12 JANUARY 2026 · 6 MIN READ
Is your business ready for AI? A simple 3-step check
Most companies aren't blocked by technology — they're blocked by scattered information. Here's a simple way to check your AI readiness, and the right order to.

Everyone is being told to "use AI." Far fewer are told what that requires. After working with operators across logistics, retail, education and healthcare, we can save you some time: AI readiness is not about technology. It's about whether your business's information is in a usable state.
AI readiness is about your data, not the technology
The tools are the easy part. The models are good, cheap and getting better every month. What decides whether AI works for you is everything underneath it — where your information lives, whether it's captured, and whether it agrees with itself. A business that's ready for AI is simply a business whose work is written down in systems instead of trapped in people's heads.

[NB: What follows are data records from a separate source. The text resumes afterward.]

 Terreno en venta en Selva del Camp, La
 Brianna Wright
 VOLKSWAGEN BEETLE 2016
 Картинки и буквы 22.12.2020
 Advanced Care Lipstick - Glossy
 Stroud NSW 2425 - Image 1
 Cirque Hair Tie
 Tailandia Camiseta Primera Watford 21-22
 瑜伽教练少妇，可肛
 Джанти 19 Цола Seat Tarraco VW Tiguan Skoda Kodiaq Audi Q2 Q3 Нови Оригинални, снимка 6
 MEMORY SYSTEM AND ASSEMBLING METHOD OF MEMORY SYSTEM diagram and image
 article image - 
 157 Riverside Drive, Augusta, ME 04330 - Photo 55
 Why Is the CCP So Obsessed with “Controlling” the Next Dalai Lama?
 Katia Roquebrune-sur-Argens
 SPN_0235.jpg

Here's the simple, three-step check.
Step one: where do your decisions live?
If prices, schedules or approvals live in someone's head or a WhatsApp thread, AI has nothing to work with yet. An agent can't act on a rule it can't see, and it can't learn from a decision that was never recorded.

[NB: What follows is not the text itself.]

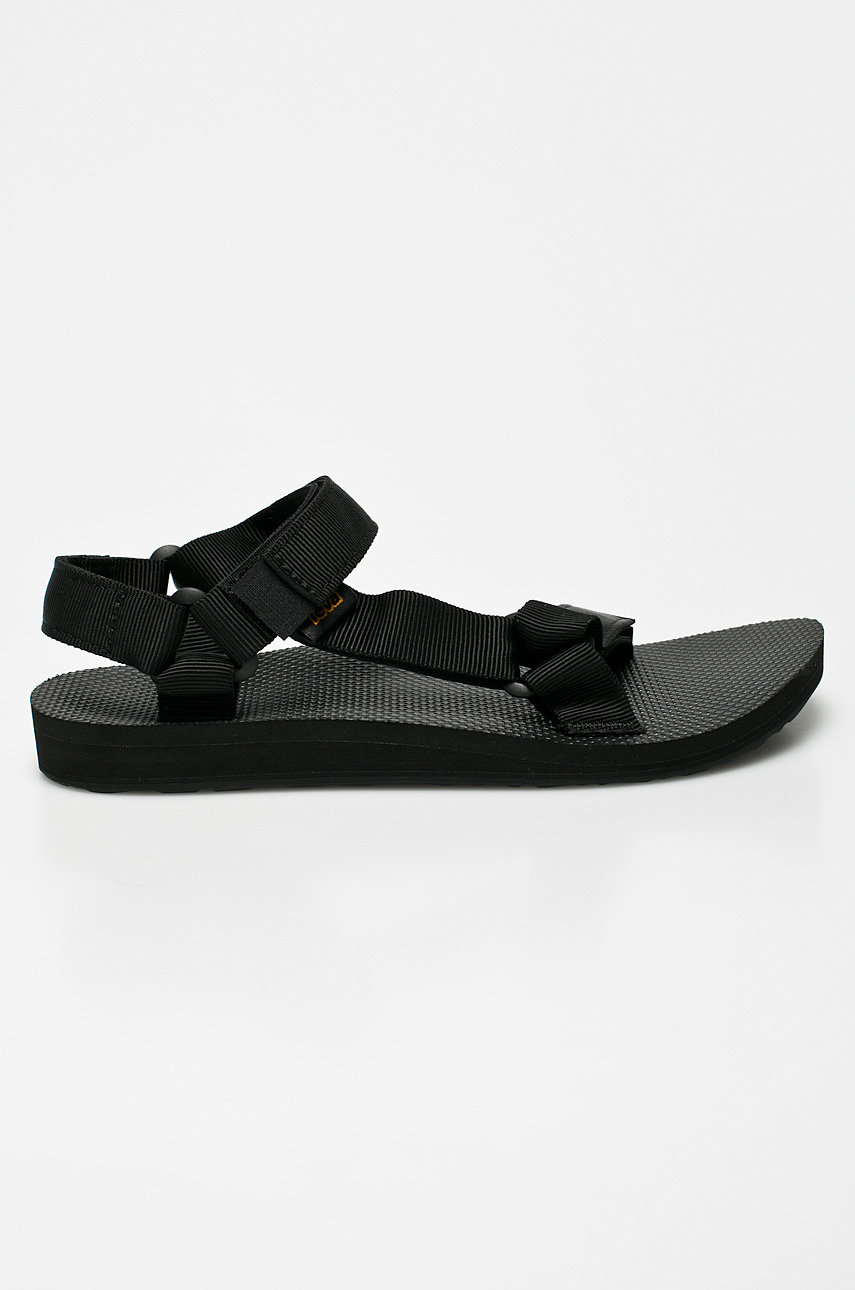 Teva sandali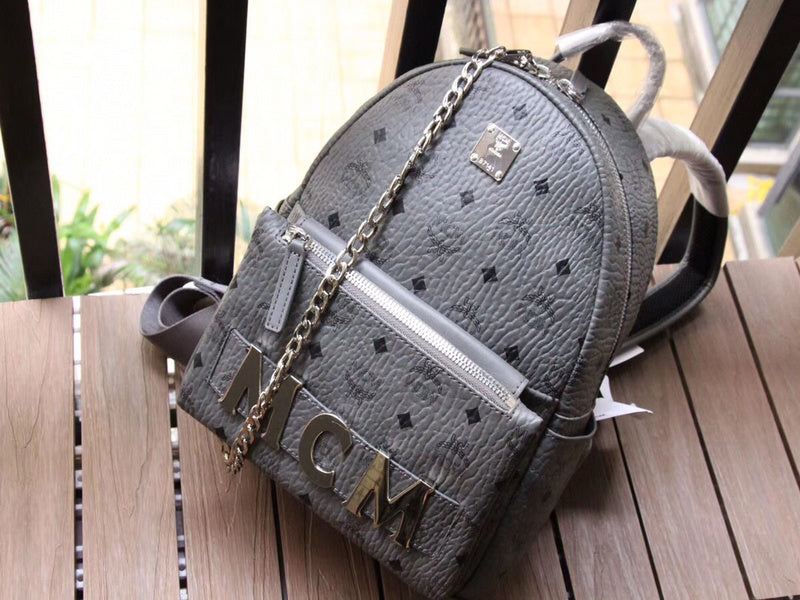 Glami-i - MQM Bags - 315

The fix isn't AI — it's capturing the work where it happens, in a system. When an order is taken, a price is agreed or an approval is given, it should land somewhere structured, not just in a conversation. This step has value on its own: it makes the business less dependent on any one person's memory, AI or not.
Step two: do your numbers agree?
If two reports about the same thing give two answers, an AI built on top will be confidently wrong — and confidently wrong is worse than no answer at all, because people act on it.
Bring your data into one clean place first: duplicates merged, names matched, sources reconciled. This step pays for itself even if you never go further — every report agreeing is worth real money in saved arguments and faster decisions. It's also the foundation that makes everything after it trustworthy.
Step three: now automate
With work captured and data clean, AI agents finally have solid ground to stand on. Now automation works, because the agent is reading reliable information and following rules that actually exist in a system.
Start with one routine task with clear rules — billing, updates, reminders — and keep a person approving anything sensitive. Prove it on that single task, then expand. Because the foundation is solid, each new agent is easier and safer than the last.
The order matters
This is the part most businesses get wrong. Companies that skip straight to step three get impressive demos that quietly stop being used a month later — because the data underneath them was never ready.
Companies that follow the order get something better: a business where the routine work runs itself, on a foundation they can trust. The full journey is usually a matter of months — and the first results arrive in weeks, not years. If you're not sure which step you're on, start at step one and be honest about the answer. Most businesses are less ready than they think, and far closer to fixing it than they fear.